2,500 city-funded apartments intended to house the homeless population in the Big Apple have been left empty. On Wednesday, Mayor Eric Adams promised to fix the bureaucratic nightmare. City Hall is now under pressure to find a solution to NYC’s homelessness problem and make progress on its high-profile plans to end the crisis.

Two days after The Post revealed the dysfunction at the city’s Human Resources Administration, the remarks were made. Essential portions of the application process are still done by hand and must be coordinated by a tiny office with fewer than a half-dozen workers.

“This is a dysfunctional city, we have to stop the dysfunctionality,” the mayor, who called the paper’s findings “unimaginable,” said in response to questions during an unrelated press conference in Brooklyn.

“How do you have a vacant apartment, when you need people to be in the apartment and you have so much paperwork that they can’t get in the apartment,” he added. “That is not how I’m going to run this city.”

Requests to bolster HRA’s budget to expand the office and clear the massive backlog was rejected by Adams.

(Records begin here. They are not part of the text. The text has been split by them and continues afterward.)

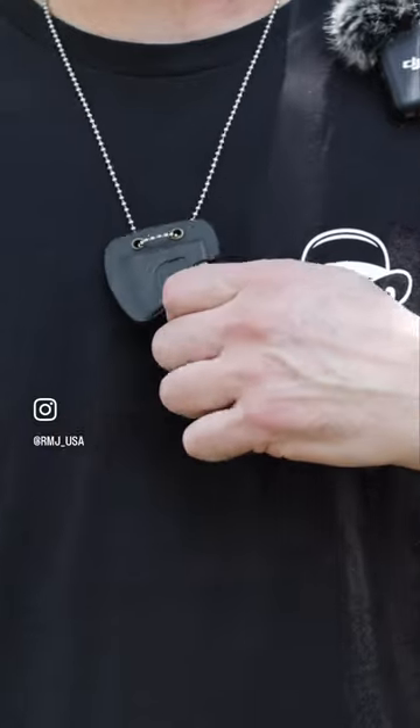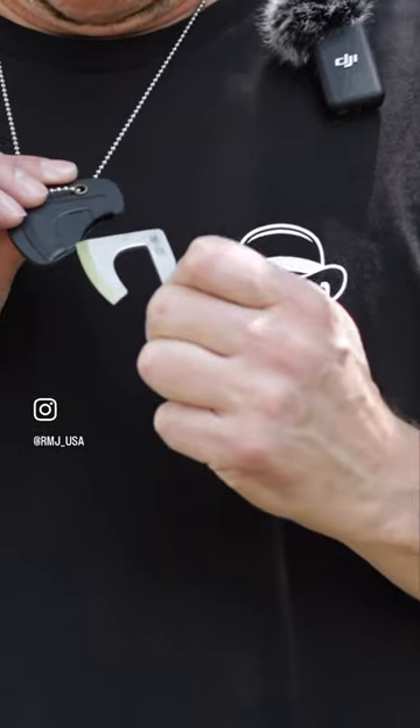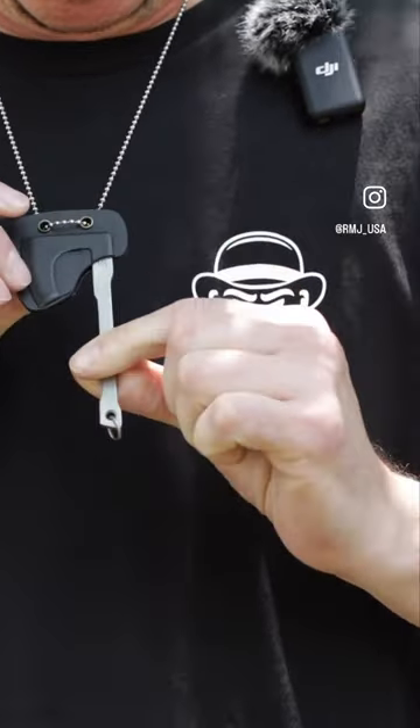When wearing it around the neck, to deploy it you just push out like that. And then placing it back in the scabbard, it just pops in there and you're good to go.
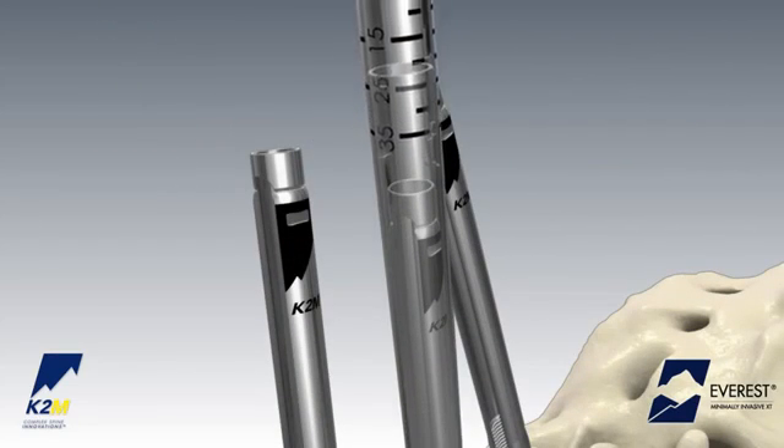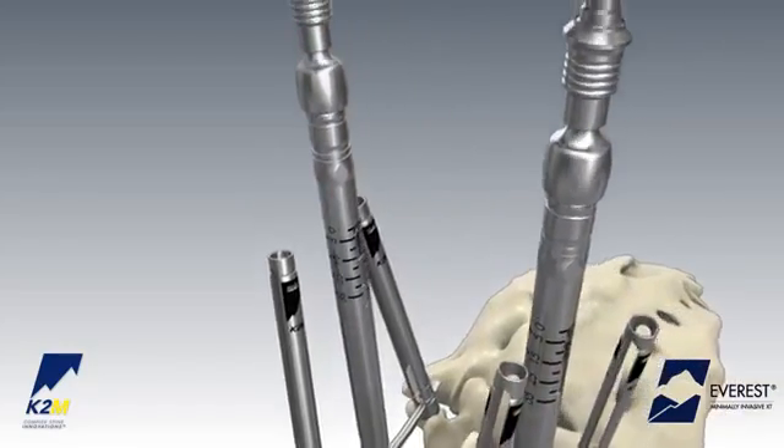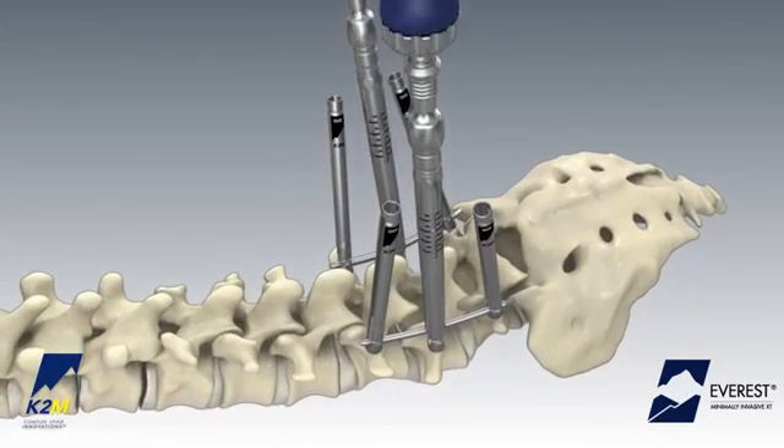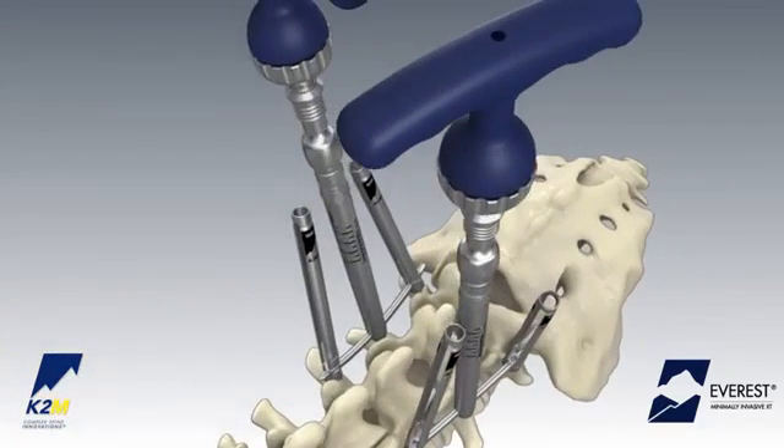Slide the instrument down towards the screw head until it engages with the reduction slots on the exterior of the extension tabs. Once engaged, rotate the proximal knob clockwise to begin reduction. External markings on the tab reduction tunnel provide a reference for needed depth until the rod is fully reduced.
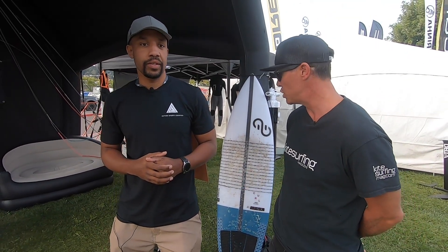Shane here with KiteSurfing Magazine. I'm here with Kevin Wade from Action Sports Logistics. Kevin, take us through your new WMFG.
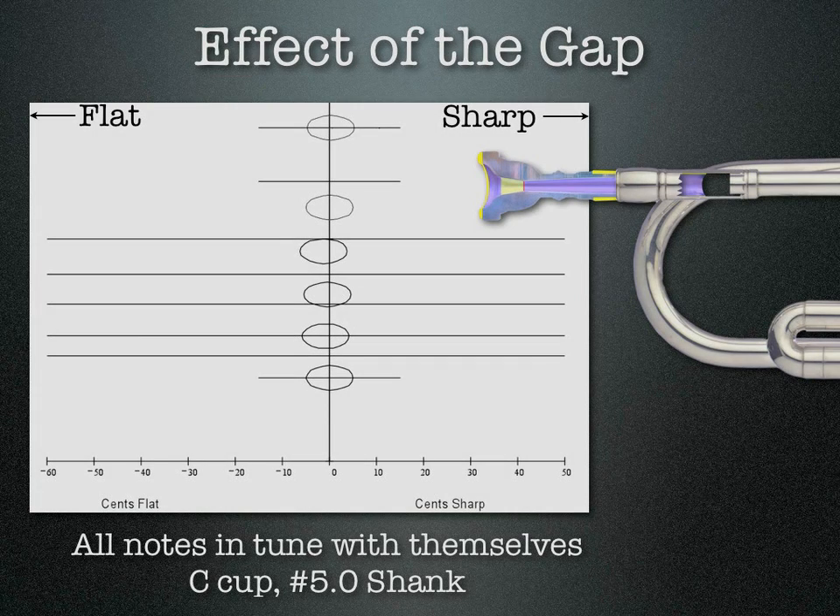I'm going to explain how the gap between the end of the mouthpiece and the start of the lead pipe can really affect how your trumpet mouthpiece setup plays.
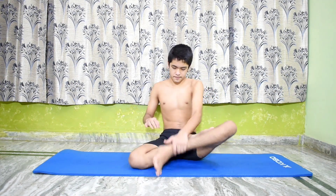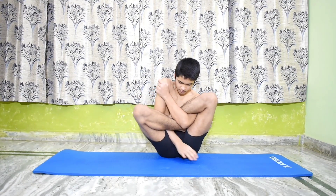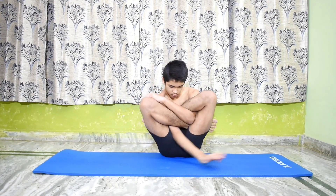Garbapindasana. Sit in Padmasana. Insert the hands in the space between the thighs and calves, each on its own side. Push the arms forward till the elbows can be easily bent.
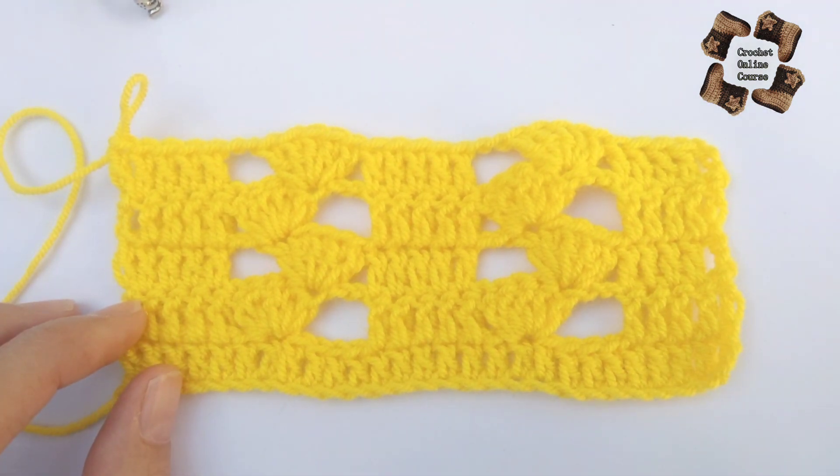Now make five double crochets in the first stitch — one, two, three, four, and five. Then make two chains, and again five double crochets on top of the five double crochets below. It's really easy, just a repeating pattern. Keep going: five double crochets, two chains, and again five double crochets on the next group across the row.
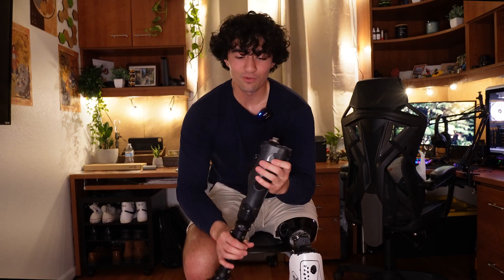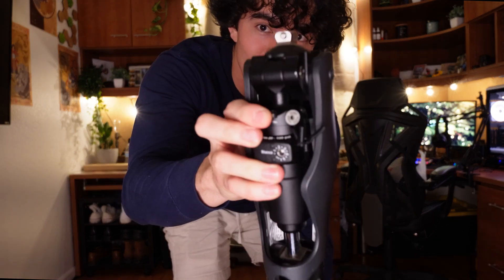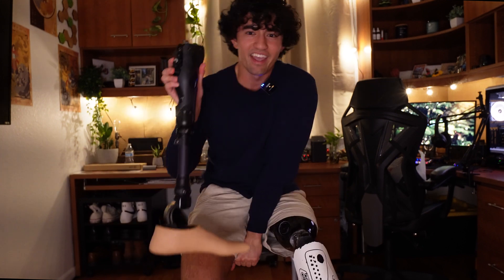This prosthetic was great — you could run on it, swim in it, it was waterproof, and did everything I needed. But the hydraulic on this one is an air hydraulic. Every week, because my prosthetic was busted, I had to pump air into it using a little pump. More air makes it swing out faster, but my air pump storage would break, so the air wouldn't stay in. It would swing so slowly I'd have to throw my whole body into it, sweating every single step.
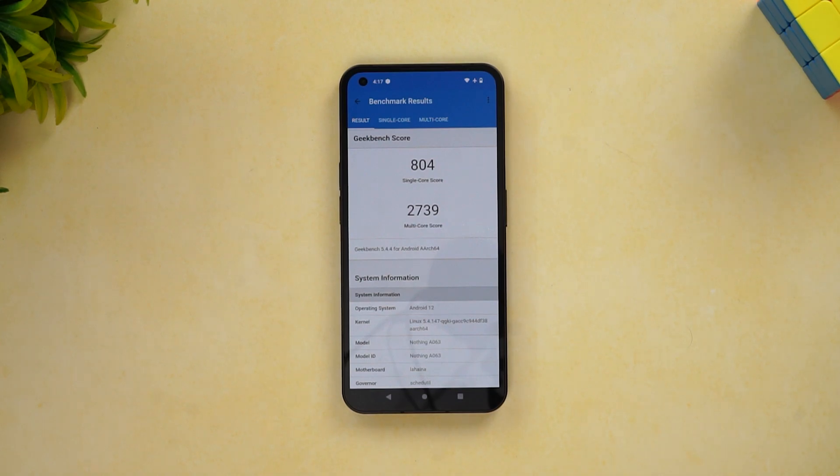That is the performance test of the Nothing Phone 1. As you can see, it is pretty good in terms of thermal capabilities — there are no throttling issues and no heating even with continuous testing. Overall in terms of performance, this should be a good device able to deliver sustained performance even under extreme tasks.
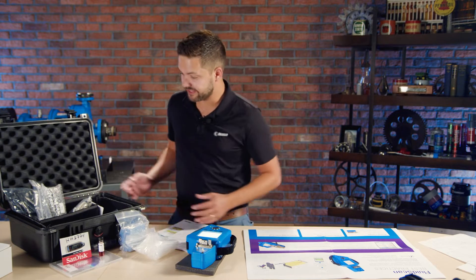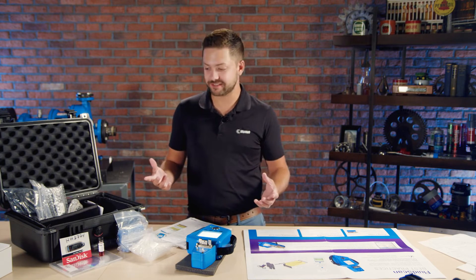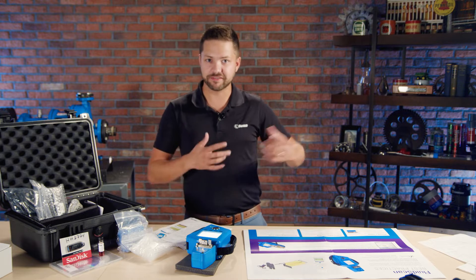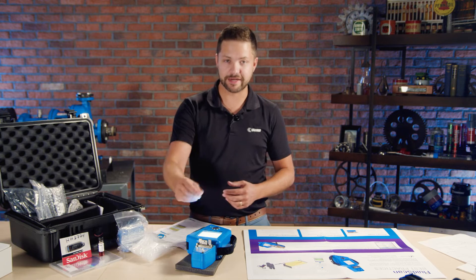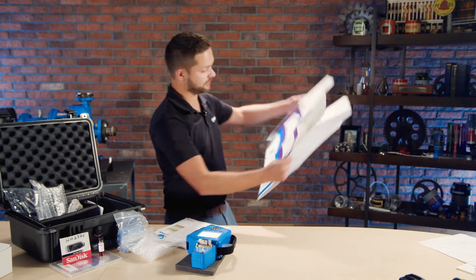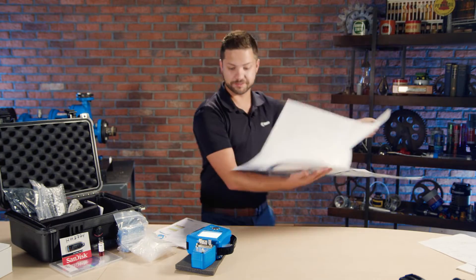Of course it came in a nice case and there are a few cables to charge it, plus a cable to connect it to your computer. One thing you won't notice is any solvents or other liquids — it's actually very simple. You don't need a solvent or any sophisticated process; all you need is to wipe it down between each sample and use a couple of drops. You also get a nice poster with a lot of detail — I'll be putting this on my wall later.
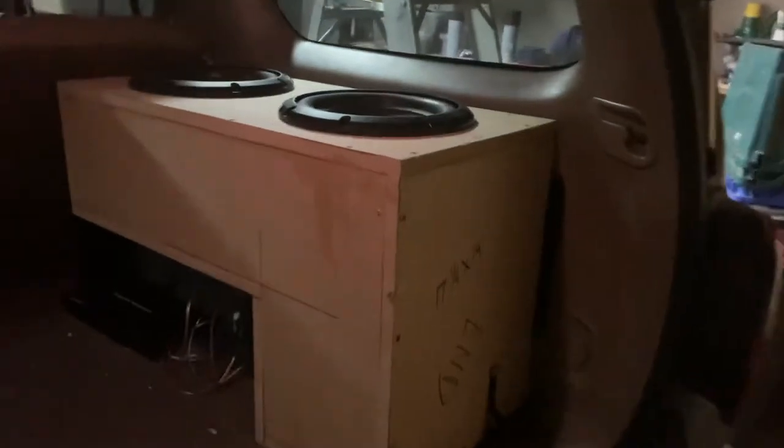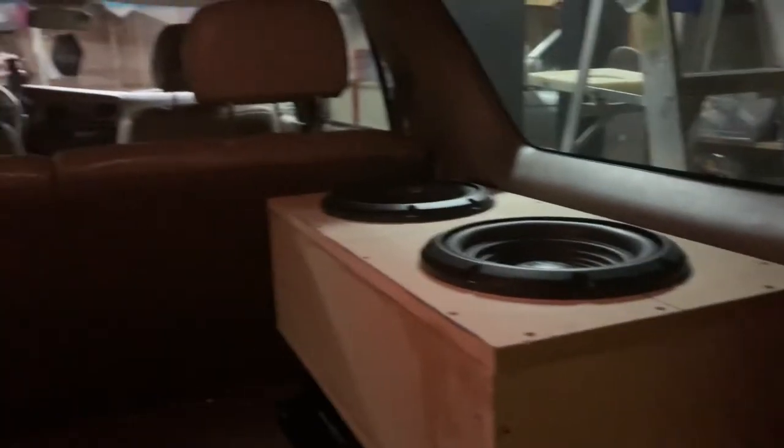What's up guys? I'm gonna take you back to the subwoofer system in the old 4Runner.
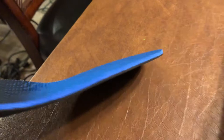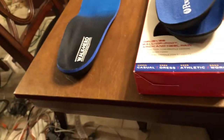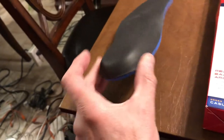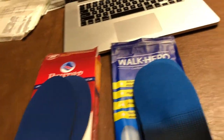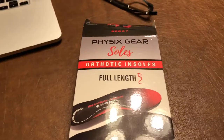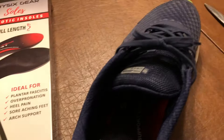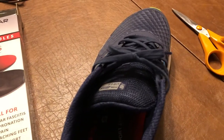Walk Heroes are just a hair thicker overall — basically as thick as Superfeet — and you might feel like you're going to come out of your shoe, almost like those old height-boosting insoles. I do like the square bottom of the Walk Heroes to prevent side-to-side slipping. In summary: Power Steps are good for medium-high arches, Walk Heroes same, and for a seriously high arch try Physics Gear. All three should feel as good as or better than Superfeet.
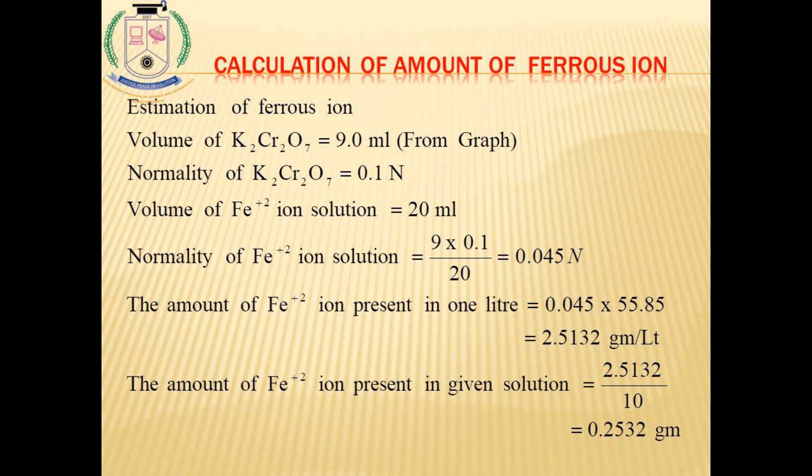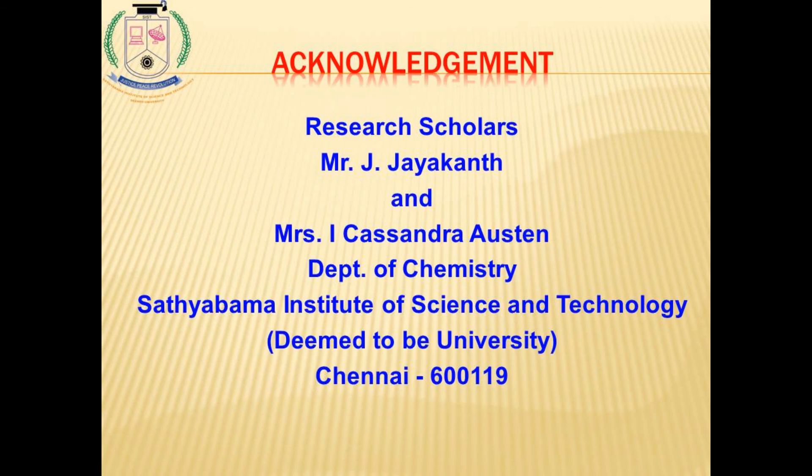The amount of ferrous ion present in the given solution is 0.2532 grams. This is our result. I am happy to acknowledge my research scholars — J. Jaikon from the Center — who helped to execute and demonstrate this experiment. Thank you for your attention.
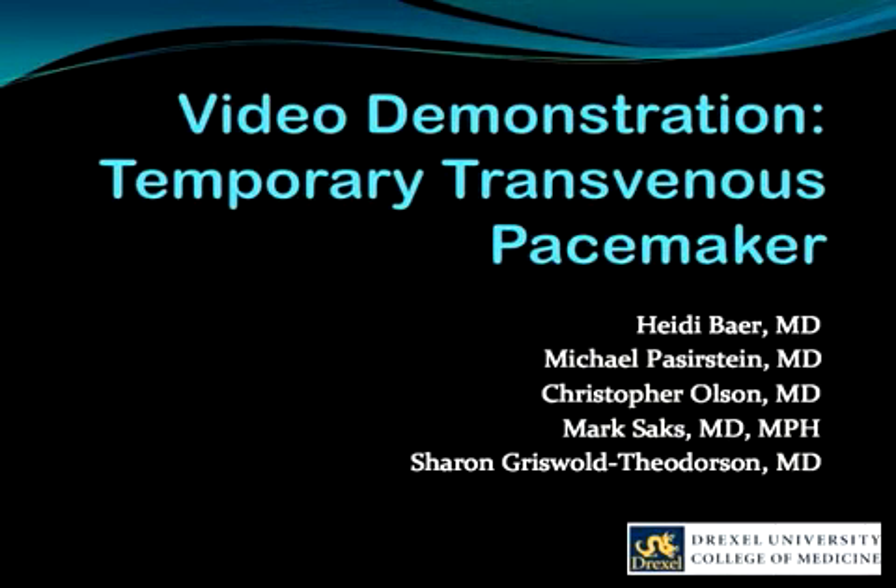Welcome to Drexel and our video demonstration. This video demonstrates the insertion of a temporary transvenous pacer.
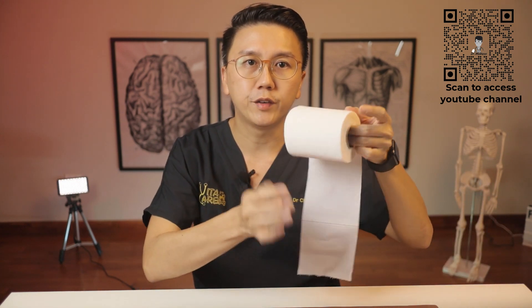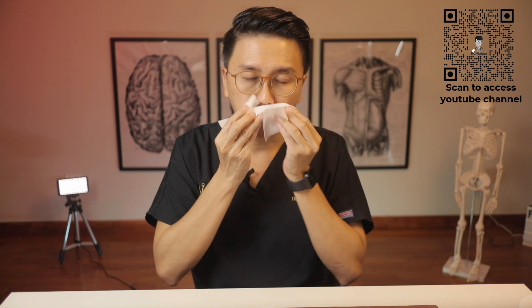Secondly, clear your nose first. Then tear open the package containing the swab stick.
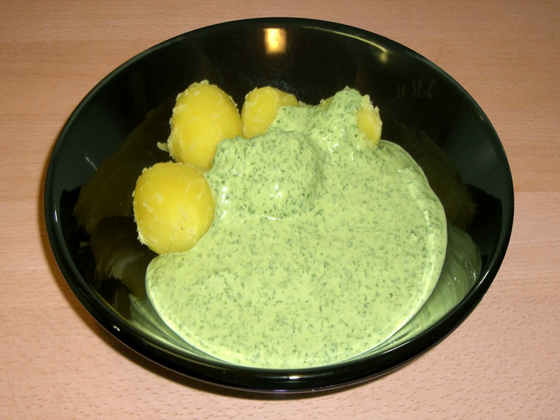Green goddess is a green sauce used as a salad dressing. Based on the French sauce verte, it is also made with tarragon, parsley, mayonnaise, sour cream, and lemon juice, but also includes anchovies.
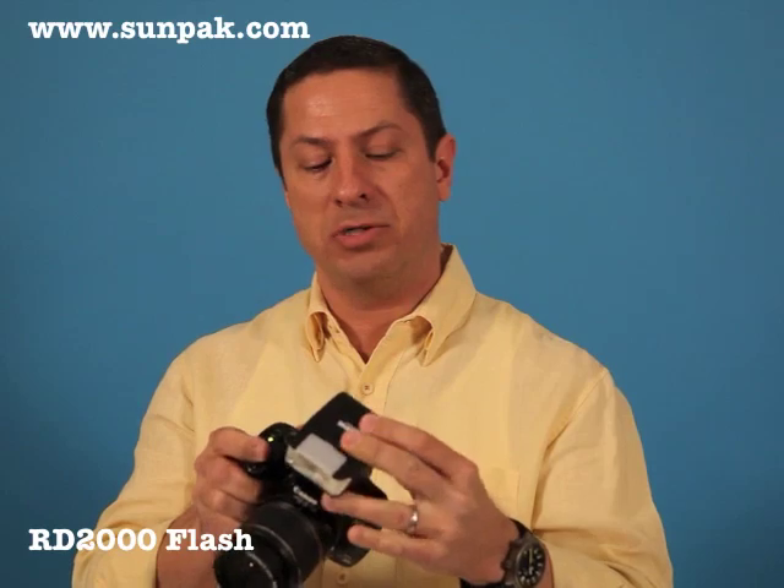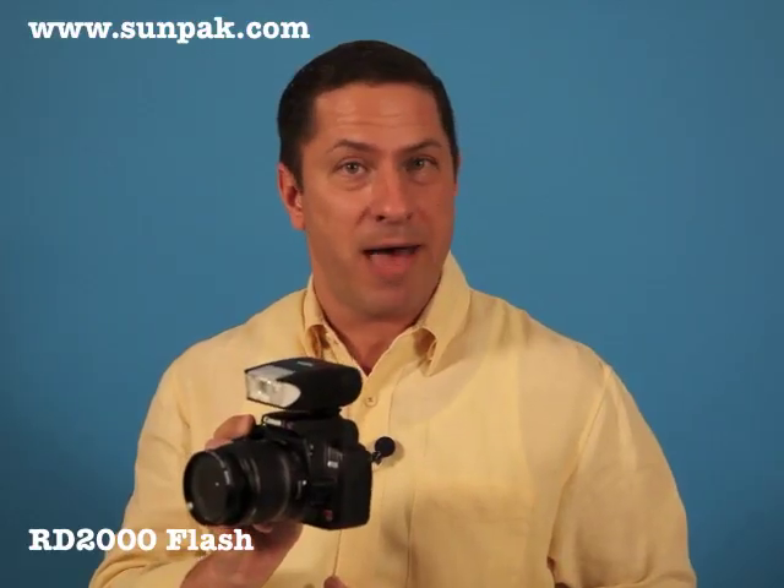It's the kind of flash that you can literally have in your shirt pocket. Whenever you need more power, you simply take it out. I've kept this on my camera for most of my indoor shooting. All you simply do is mount it directly to your digital SLR — Canon, Sony, or Nikon — and then everything is fully automatic.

This has led to 10 percent of the city’s supportive housing units being left empty even as the average stay at a shelter approaches one-and-a-half years.

“We don’t need more staff, people just need to do their darn jobs,” he said, arguing that the process could be sped simply by reducing the paperwork involved. “We have the staff to do it, but we have layers and layers of bureaucracy that must be dismantled.”

New Yorkers in need should have “confidence” that Adams would get HRA sorted out, he said.

“New Yorkers should have confidence because I’m the mayor. And I’m gonna get stuff done,” Adams said when asked why New Yorkers should be reassured that something will be done to fix the problem.

Council Speaker Adrienne Adams (D-Queens) added her voice to the list of lawmakers and housing activists vying for the mayor to take swift action to fix the situation.

“The lack of focus by city agencies to place unhoused New Yorkers, who need additional supportive services, in thousands of empty units is deeply concerning,” Adams (no relation) said in a statement.

“Fixing the bureaucratic inefficiencies from understaffing and broken systems that are responsible that are responsible for this failure must be a public health and safety priority,” she added.

Because of longstanding safety and sanitation woes at city shelters, despite promises of reform, numerous homeless people who live on the streets or subway trains are fearful of going inside.

Failure to offer essential mental health services, like on-site therapy, is an issue at most shelters, including those designed to help bring the chronically homeless off the streets.